Note: I’ll stop here a minute to state a condition. While I studied this Model with Dr. Rosenstock at the University of Michigan and feel very confident in this blog entry, my applications to food safety, while logical, are speculative and not based on any research. My attempt to gain my doctorate to study the science behind my conclusions, met with a very cold reception by health educators. It is curious that all sorts of applications are possible. (Source for this section: The Health Belief Model: A Decade Later Nancy K. Janz, RN, MS Marshall H. Becker, PhD, MPH published in Health Education Quarterly Spring 1984)

That said, sanitarians must anticipate how environmental health information will be processed by their clients. It can be done in a short interview or chat prior to any inspection or training effort, or acquired ad hoc, subsequently and revisited at a future date. The failure to acknowledge these processes will result in an unknown ‘black box’ phenomenon where the results are unpredictable. Hence, managers are sincerely mystified that training efforts are unsuccessful; sanitarians are mystified that the restaurants where they spent endless hours working are still called in for enforcement.

Health Belief Model Structure: The figure above describes the process whereby information is received and processed. The student or client is presented with a recommendation for behavioral change; store foods to avoid cross contamination, cool hot foods rapidly, avoid bare hand contact with RTE foods and so forth.

The client’s reaction is not an impulse though it might seem that way. It is, instead, carefully considered based on two variables: (1) the value placed by an individual on a particular goal (‘will I be affected by this problem, and will the effect be significant?’); and (2) the individual’s estimate of the likelihood that a given action will achieve that goal (‘is the problem really inadequate handwashing or should there be another sink installed closer to the cook line?’). The trainer must be clear that all solutions have been considered and the one presented in the program is the best.)

There are intervening influences on the person’s determination to act. These are described in the center column. While the sanitarian cannot always influence these factors, motivating Cues

to Action can be provided through negative (enforcement) and positive (media campaigns, monetary and media rewards, changes in type and frequency of inspection) factors.

Next, assuming the client agrees action should be taken, they must believe the recommended change is the correct one and that they can make this change, especially after the training is concluded. Put another way, do they believe in their capacity to take the required action, to produce the recommended change? (This is often called perceived self-efficacy). Their belief will be influenced by perceived barriers to change (not enough time to act as required, inadequate equipment).

This process is largely based on the individual’s perception and not always reality. This is one reason why modeling the proposed change in behavior and reinforcing the client’s practice, are vitally important. It not only shows the sanitarian’s confidence in the behavior’s importance, it allows the client to gain mastery of the skill in front of their future evaluator.

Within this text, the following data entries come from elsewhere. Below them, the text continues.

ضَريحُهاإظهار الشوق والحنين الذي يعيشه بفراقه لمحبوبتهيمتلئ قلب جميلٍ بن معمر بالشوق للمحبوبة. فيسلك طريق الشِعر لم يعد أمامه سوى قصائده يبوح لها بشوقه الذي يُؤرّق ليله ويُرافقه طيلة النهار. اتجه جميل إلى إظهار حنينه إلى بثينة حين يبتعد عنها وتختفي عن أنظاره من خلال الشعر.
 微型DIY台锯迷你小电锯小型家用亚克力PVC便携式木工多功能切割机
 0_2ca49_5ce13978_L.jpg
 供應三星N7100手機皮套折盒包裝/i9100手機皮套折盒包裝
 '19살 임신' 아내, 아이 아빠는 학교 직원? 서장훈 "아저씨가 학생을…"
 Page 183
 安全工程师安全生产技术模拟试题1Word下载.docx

Thus, clients do not act ‘off the cuff’ but consider carefully their responses based on their perception of the information provided and the proposed change in behavior. Sanitarians can influence this perception by anticipating possible objections and working solutions into the training program or inspection.

Here are some examples of ways to influence the client’s perception of the Model’s variables:

1) Model desired behaviors during the inspection. If the wrong behavior is observed, take time to model the correct action and reenforce the employees who practice it properly. (This should emphasize the correct behavior as well as allow employees to improve their self-efficacy).

2) Praise positive behaviors when observed (positive reinforcement).

3) Use the office food safety newsletter to describe food safety problems and how good solutions are being applied in the workplace. Also, use the newsletter to report on foodborne illnesses and the results for the restaurant. (Increases problem awareness as well as presenting realistic solutions practiced by others in the industry.)

4) Hold a yearly banquet or meeting to reinforce a restaurant’s good inspection results.

5) Before a training program or inspection, take time to discuss events or interests not related to food safety or public health. (Clients are often surprised to find that sanitarians have other interests outside of their work.)

6) Continually think about the Model’s factors and ways they can be emphasized

Interested in knowing more about the integration of behavioral science in your restaurant, during inspections, or just a friendly off-the-cuff chat? Please email me with your comments, suggestions and requests for service, especially the last one!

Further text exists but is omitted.